Rome a récemment étendu la liste des pays d'origine «sûrs», définis comme des Etats où il n'y a pas de persécution, de torture ou de menace de violence aveugle, à 22 pays. Mais cette liste comprend des pays dont certaines régions ne sont pas jugées «sûres». Or la Cour européenne de justice estime que les Etats membres de l'UE ne peuvent désigner comme sûrs que des pays entiers, et non des parties de pays.
Les 12 migrants doivent donc être transférés en Italie, mais le ministre italien de l'Intérieur Matteo Piantedosi a annoncé vendredi que le gouvernement ferait appel. L'opposition de gauche en Italie, vent debout contre l'externalisation de la politique migratoire, a salué la décision des juges romains.

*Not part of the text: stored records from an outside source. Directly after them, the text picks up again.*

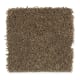 Sea Star in Pirate's Hideaway - Carpet by Mohawk Flooring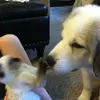 Leah Buchanan - @leah.buchanan - TikTok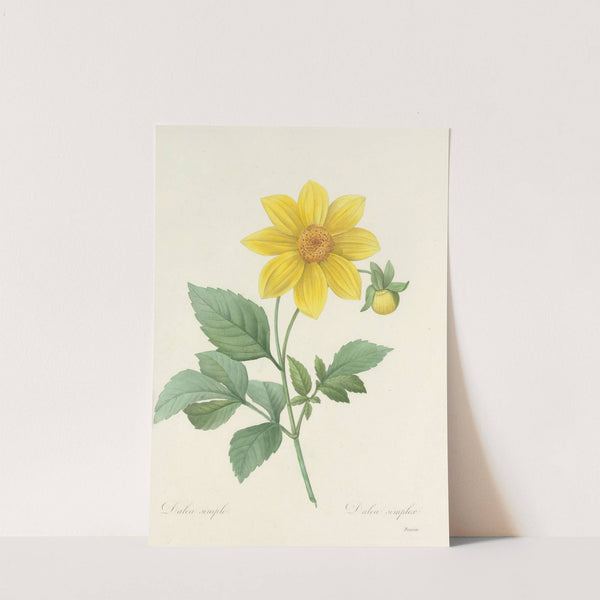 Choix des plus belles fleurs pl 031 by Pierre Joseph Redouté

«Nous l'avions dit, non pas parce qu'on a la boule de cristal mais parce que nous lisons les lois», a ainsi réagi Elly Schlein, la patronne du principal parti d'opposition, le Parti démocrate (PD, centre-gauche). «Maintenant je lance un appel au gouvernement et à Mme Meloni: arrêtez-vous et revenez sur vos pas. Vous devez tout démonter et demander pardon aux Italiens», a-t-elle dit.
«Le spectacle médiatique organisé par le gouvernement Meloni se heurte au droit national et international», s'est aussi félicité sur X l'ONG Sea-Watch Italy qui secourt des migrants en Méditerranée.